If personal incomes, working conditions and future development opportunities can be improved in underdeveloped regions, more and more talents will be attracted to work there, says a signed article in People's Daily. The following is an excerpt.
In the application process for the national civil servant test of 2008, many positions attracted over 1,000 applicants - one of these positions attracted 3,592 test-takers; but no applicants showed interest in 59 positions in underdeveloped regions.
In another instance, almost 200 undergraduate students recently competed for 45 places at the "rural education graduate" job fair held at Henan Normal University. If enrolled, they can study free of any test and charge for a master's degree in education, although they must work in an assigned middle school of a poor county for four years. It has such a great attraction that the number of applicants increases year by year. According to statistics, the number of university graduates choosing to work in the central and western part of the nation increased by 550,000 this year. A key reason is that the government has adopted a series of preferential policies to encourage them to work in these regions and this has achieved some positive results.
For example, those graduates who are willing to work in the western rural regions can get loans for education and the government will pay these loans for them.

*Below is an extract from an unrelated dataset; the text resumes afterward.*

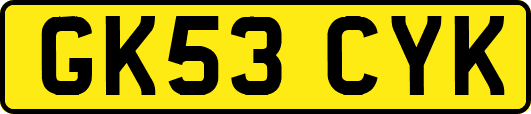 GK53CYK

But working in a rural area, rather than in cities, not only means different living and working conditions, salaries and social status, but different chances for future development. That is why some people would rather drift in a city than work as a civil servant in underdeveloped areas.
At present, some urban primary and middle schools have hundreds of millions of yuan spent on them while rural schools are short of money. Teachers in rural areas only earn several hundred yuan a month, 10 times less than the salaries earned by their urban counterparts, even though they teach the same subjects.
The allocation of public resources should become more balanced and tilted more toward those regions that need the resources most.